The unity of form and substance in Huysmans is a distinguishing trait. He had early mastered literary technique, and the handling of his themes varies but little. There are, however, two or three typical varieties of description which may be quoted as illustrations of his etched and jewel-like prose. A cow hangs outside a butcher-shop:
As in a hothouse, a marvellous vegetation flourished in the carcass. Veins shot out on every side like the trails of bindweed; dishevelled branch-work extended itself along the body, an efflorescence of entrails unfurled their violent-tinted corollas, and big clusters of fat stood out, a sharp white, against the red medley of quivering flesh.
Surely a subject for Snyders or Jan Steen.

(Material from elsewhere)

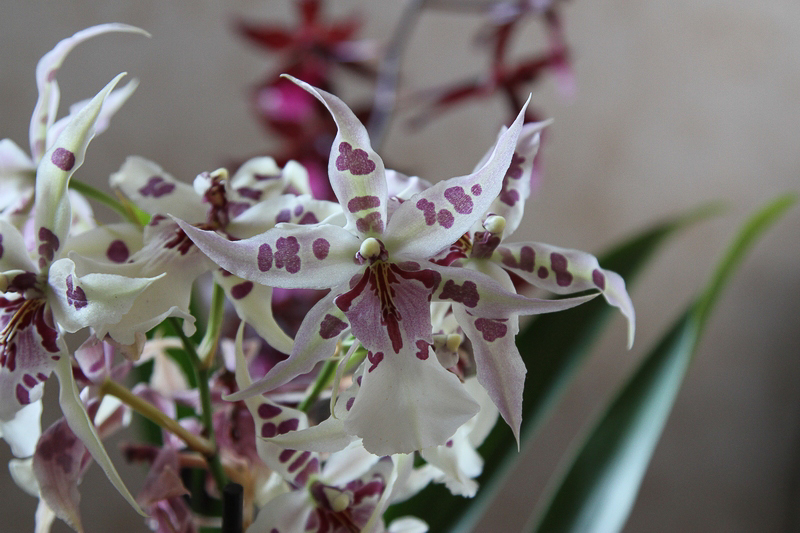 Beallara Peggy Ruth Carpenter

Léon Bloy somewhere describes Huysmans's treatment of the French language as "dragging his images by the heels or the hair up and down the worm-eaten staircase of terrified syntax." Huysmans, in A Rebours, had called M. Bloy "an enraged pamphleteer whose style was at once exasperated and precious." And can magnificence of phrase in evoking a picture go further than the following which shows us Gustave Moreau's Salome:
In the perverse odour of perfumes, in the overheated atmosphere of this church, Salome, her left arm extended in a gesture of command, her bent right arm holding on the level of the face a great lotus, advances slowly to the sound of a guitar, thrummed by a woman who crouches on the floor. With collected, almost anguished countenance, she begins the lascivious dance that should waken the sleeping senses of the aged Herod; her breasts undulate, become rigid at the contact of the whirling necklets; diamonds sparkle on the dead whiteness of her skin, her bracelets, girdles, rings, shoot sparks; on her triumphal robes sewn with pearls, flowered with silver, sheeted with gold, the jewelled breast-plate, whose every stitch is a precious stone, bursts into flame, scatters in snakes of fire, swarms on the ivory-toned, tea-rose flesh, like splendid insects with dazzling wings, marbled with carmine, dotted with morning gold, diapered with steel blue, streaked with peacock green.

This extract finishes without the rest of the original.